── Entries supplied

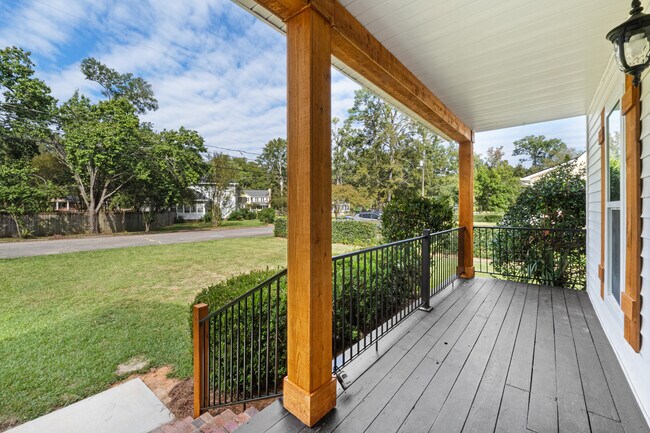 Building Photo - 408 Kemp Dr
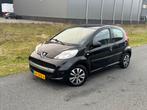 Peugeot 107 1.0 12V 5DR 2011 Zwart Airco! nap! nwe apk!, Voorwielaandrijving, 4 stoelen, Origineel Nederlands, Bedrijf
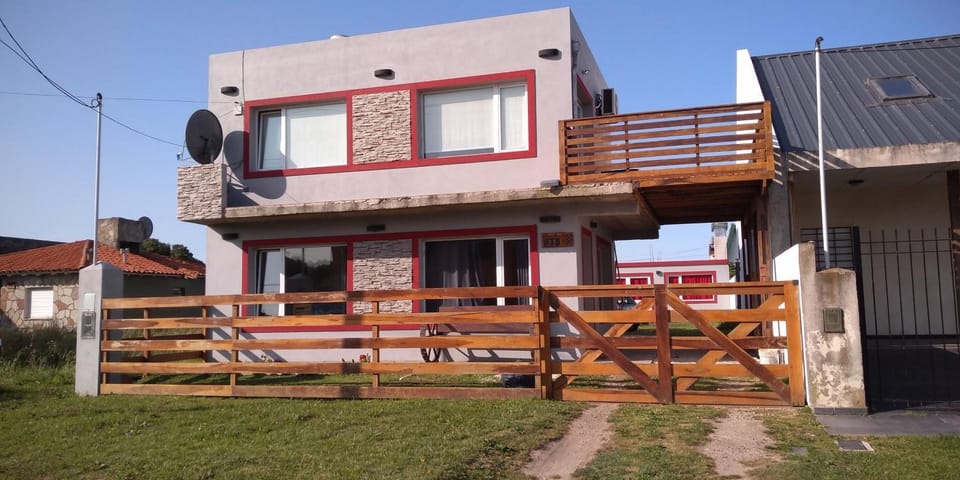 Apartamentos Croacia del Mar Apartment in Santa Clara del Mar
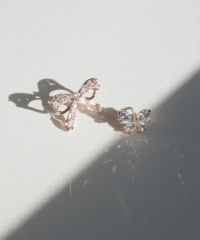 キュービックプチリボンチタンポストピアス【Dahlia】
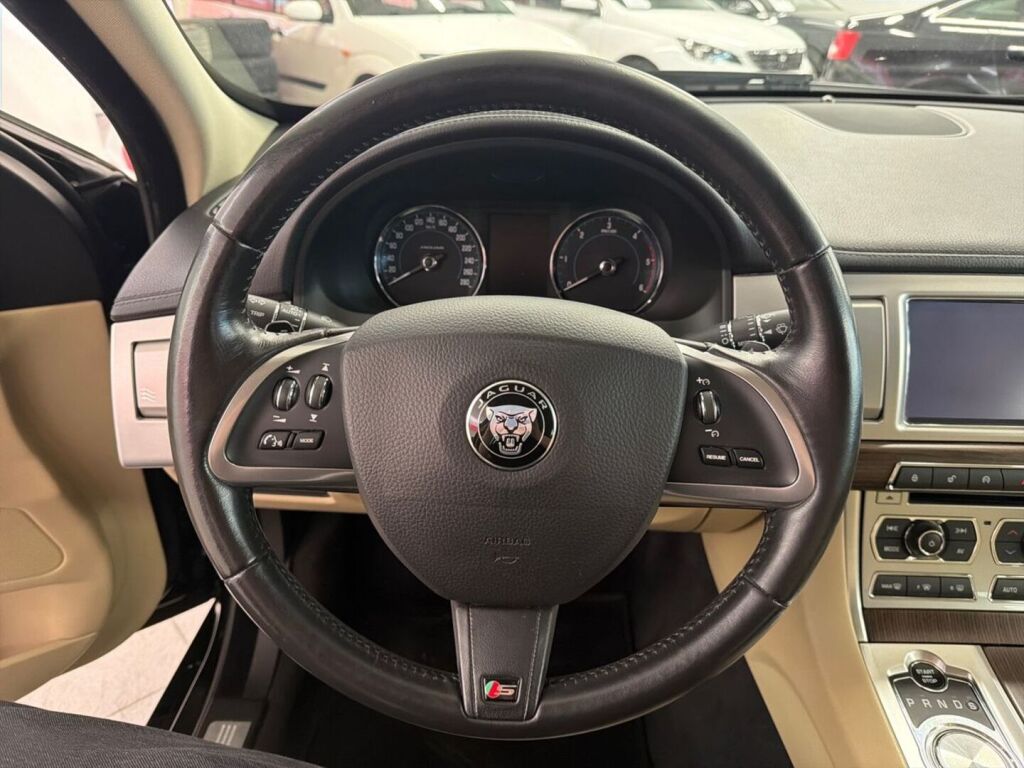 Jaguar XF 2016 Musta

────

Copy exactly, leaving out pictures, the lines from the line containing "キュービックプチリボンチタンポストピアス【Dahlia】" through the last line of the records.

### [Task answer]
 キュービックプチリボンチタンポストピアス【Dahlia】
 Jaguar XF 2016 Musta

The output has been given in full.